Speaking to TESS, Ms McKay said: "Overall, the commission recognises the need to find ways to encourage medium-sized and small employers to engage more effectively. There need to be ways that we could find to support them to deliver on our shared objective."

At last week's conference, she told the audience that the lack of consistency across Scotland in terms of the opportunities available to young people was a serious challenge. Employer engagement had to be a key focus, she said, and this had to go beyond "involvement on the margins" and should mean "employer leadership" of initiatives.

It is expected that this will involve employers helping to design apprenticeship courses, offering work experience and being more involved in careers advice. The commission is also likely to make specific recommendations addressing the under-representation of young people from ethnic minority backgrounds in certain areas of the workforce.

But Ms McKay stressed that public organisations also had to play their part. "We should expect as much of them as we do of the private sector," she said.

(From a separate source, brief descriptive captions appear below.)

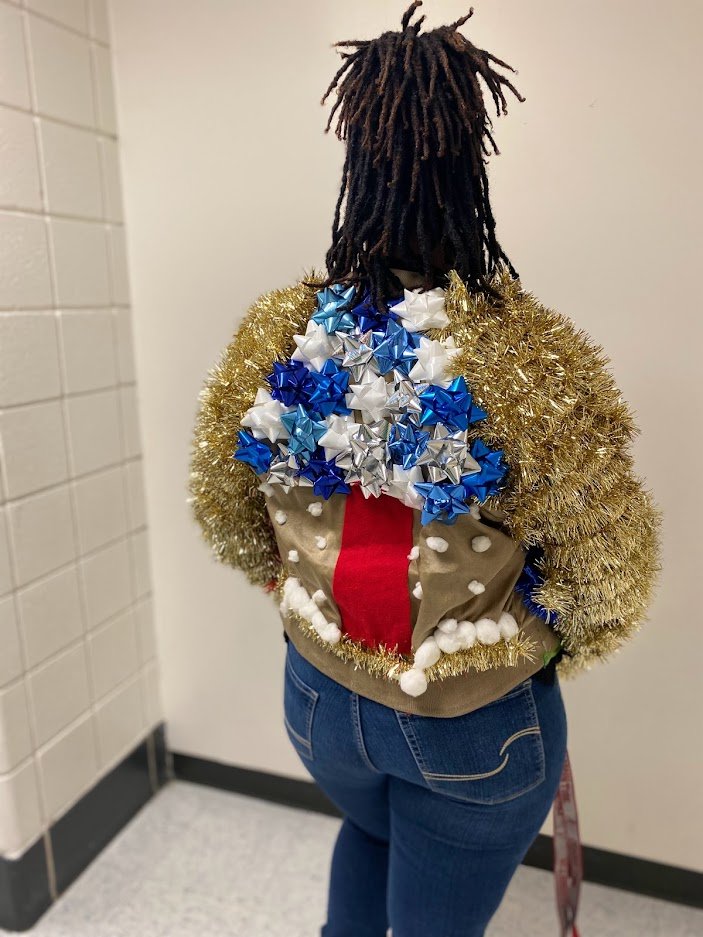 BenekeBears's tweet photo. #SpringISDUglySweaters #BenekeBears @SpringISD https://t.co/1fenNH5EdW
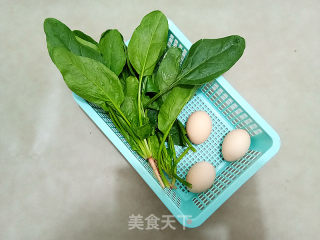 菠菜烘蛋的做法步骤：1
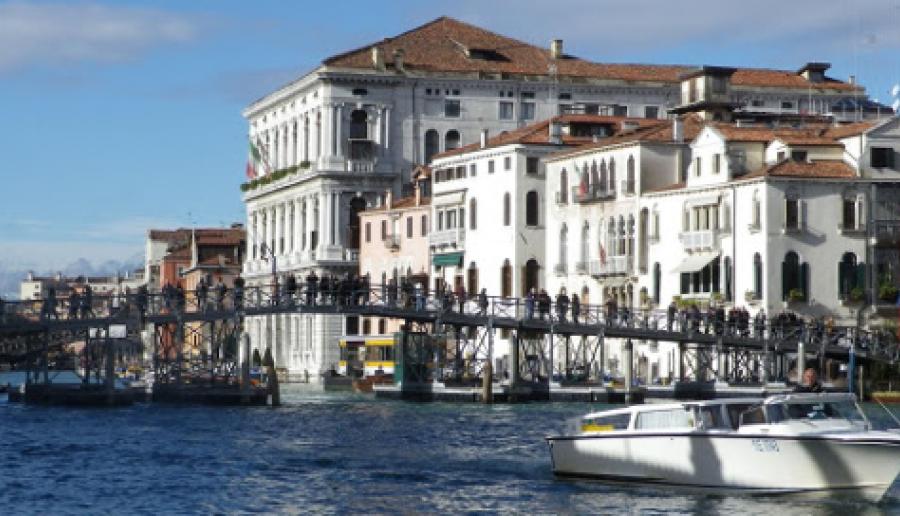 Ponte votivo della Salute (foto: www.aguidetovenice.co.uk) Ponte votivo della Salute (foto: www.aguidetovenice.co.uk)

She added that the commission had found that "in Scotland we still convey a sense of an A team and a B team", with young people in the former group heading towards university and those in the latter destined for vocational training. Often, she said, young people who followed a non-academic route did so with "much less sense of purpose".

Damien Yeates, chief executive of Skills Development Scotland, said his organisation was keen to see the introduction of "foundation apprenticeships" in the senior phase of secondary school. This would mean completing the first year of an apprenticeship while still in compulsory education.

He said: "Rather than them doing higher origami or geography in S5 and S6, why not do the first year of an apprenticeship?"

This would be particularly beneficial if industry buy-in could be secured and young people could go straight into the second year on leaving school, Mr Yeates added. He said that the programme could start as early as 2015-16.

Mr Yeates, who also wants to see the introduction of more advanced apprenticeships at degree level, said that Scotland was now at a "tipping point where work-based learning is going to represent a significant pathway for the future".

Rob Wall, head of employment and education policy for business lobby group CBI Scotland, said: "Business has a critical part to play in helping young people to prepare for life outside the school gates. We need an environment where links between schools, colleges and local companies are actively encouraged - and where firms of all sizes can get involved.

"When it comes to careers advice, for example, schools cannot do it alone. Employers have a key role, but government needs to create the framework to enable this to happen."

Angela Constance, the Scottish government's training, youth and women's employment secretary, told TESS that engaging employers was "one of the greatest challenges" that Scotland's education system faced. But she added that the government "stands ready to take forward the work of the commission in partnership with Skills Development Scotland".